§ GIVEN DATA:
────

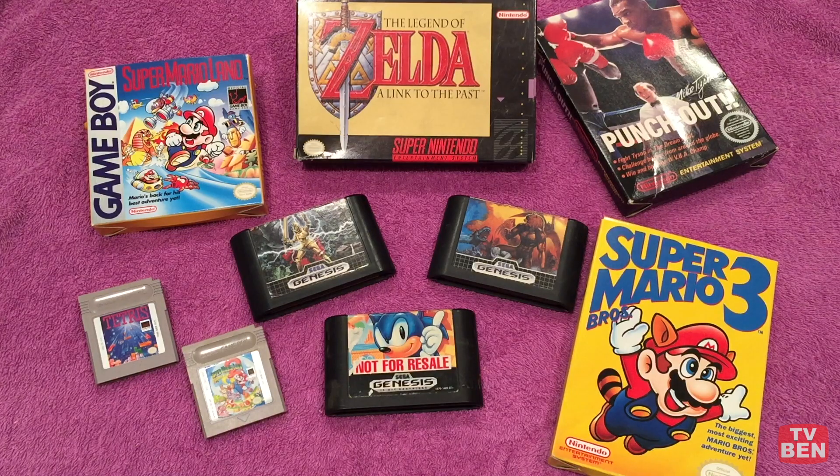Speaking of games, let's go over what this system can play: NES, Famicom, SNES, Super Famicom, Mega Drive, Genesis, Game Boy Color, Game Boy Advance, Game Boy, and the Master System via the Power Base Converter if you buy that add-on. All these games and many more can be played on this system no problem, so let's go through a few of them and see how they look.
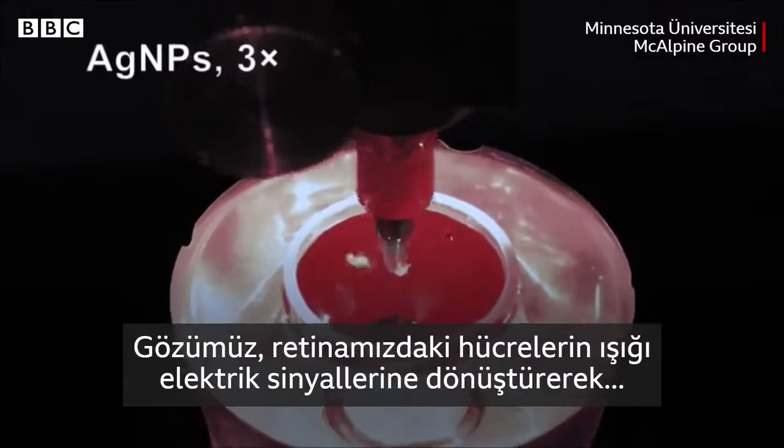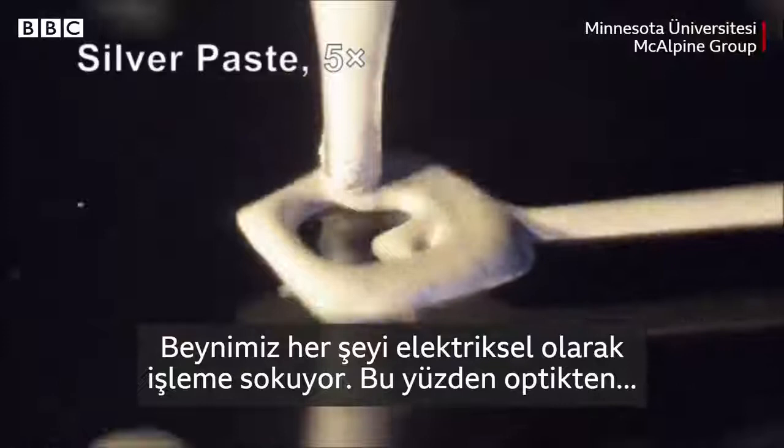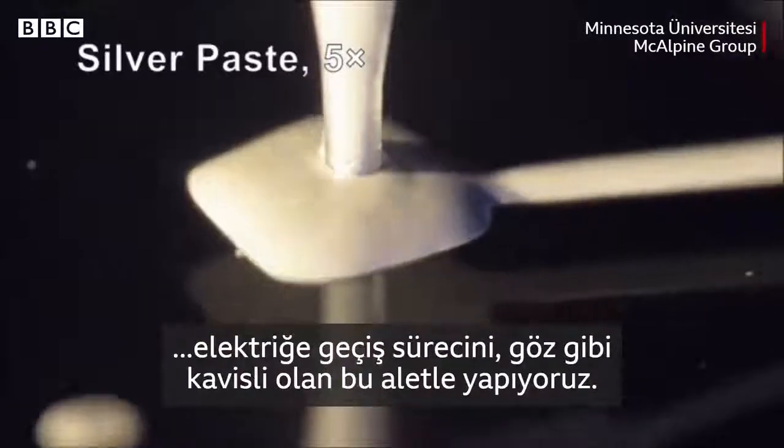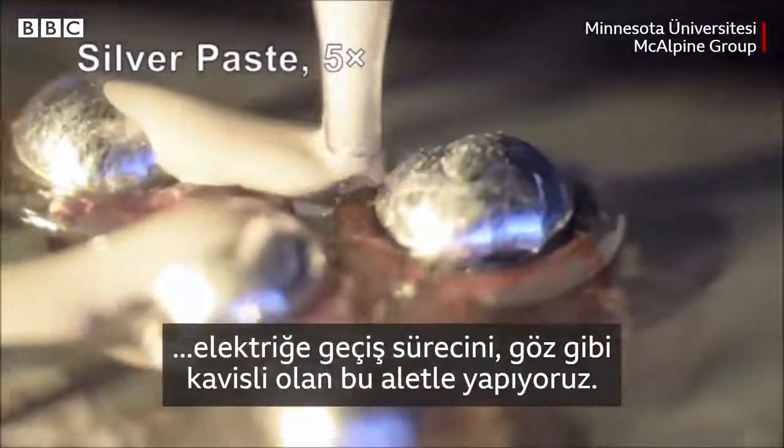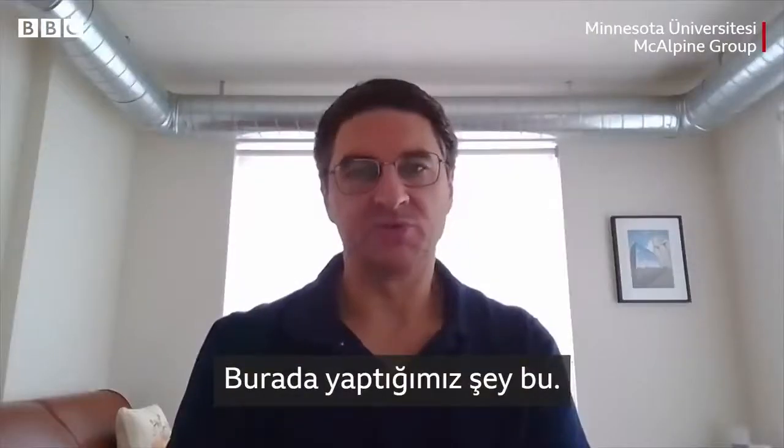The way that your eye works is that you have cells in your retina which take incoming light and convert it to electrical signals, which then go to your brain. Your brain processes everything electrically. So you need to be able to replicate that process of optical to electrical using a device which is in the curved shape of an eye, and that's what we're doing here.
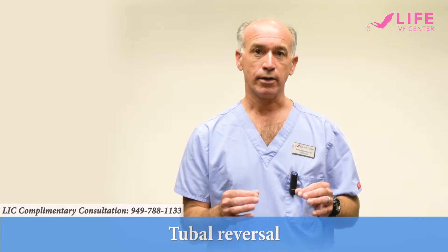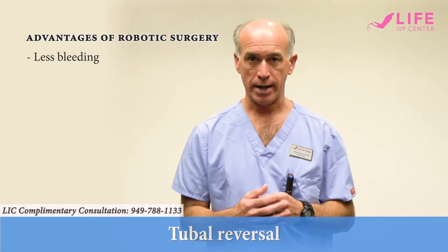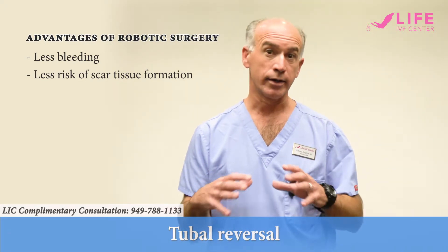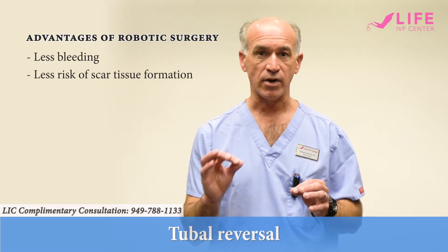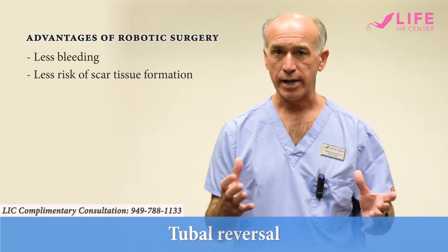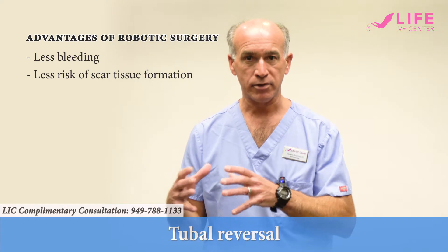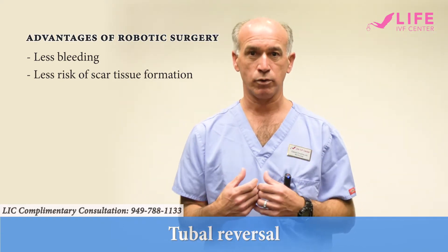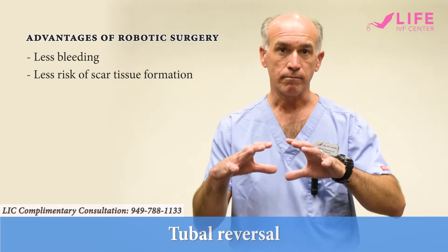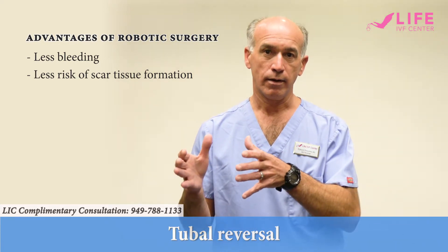The other advantage of doing the reanastomosis robotically is that there's more precise hemostasis. Patients have less bleeding because you're not cutting into the abdomen. Patients also have less risk of scar tissue formation because you're operating in a closed humidified environment. You're still using the same fine suture material, but with the robotic platform we have high definition 1080p visualization that's magnified. So instead of using a bedside surgical microscope, it's provided to us with the robotic platform with a 3D high definition magnified image — we can actually do the surgery in half the time with better outcomes.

────

§ ASSIGNMENT: Give again, word for word, every line from the top of the data through the line with "The way that", both ends included, and exclude the pictures.

§ RESULT OF THE EXERCISE:
Speaking of games, let's go over what this system can play: NES, Famicom, SNES, Super Famicom, Mega Drive, Genesis, Game Boy Color, Game Boy Advance, Game Boy, and the Master System via the Power Base Converter if you buy that add-on. All these games and many more can be played on this system no problem, so let's go through a few of them and see how they look.
The way that your eye works is that you have cells in your retina which take incoming light and convert it to electrical signals, which then go to your brain. Your brain processes everything electrically. So you need to be able to replicate that process of optical to electrical using a device which is in the curved shape of an eye, and that's what we're doing here.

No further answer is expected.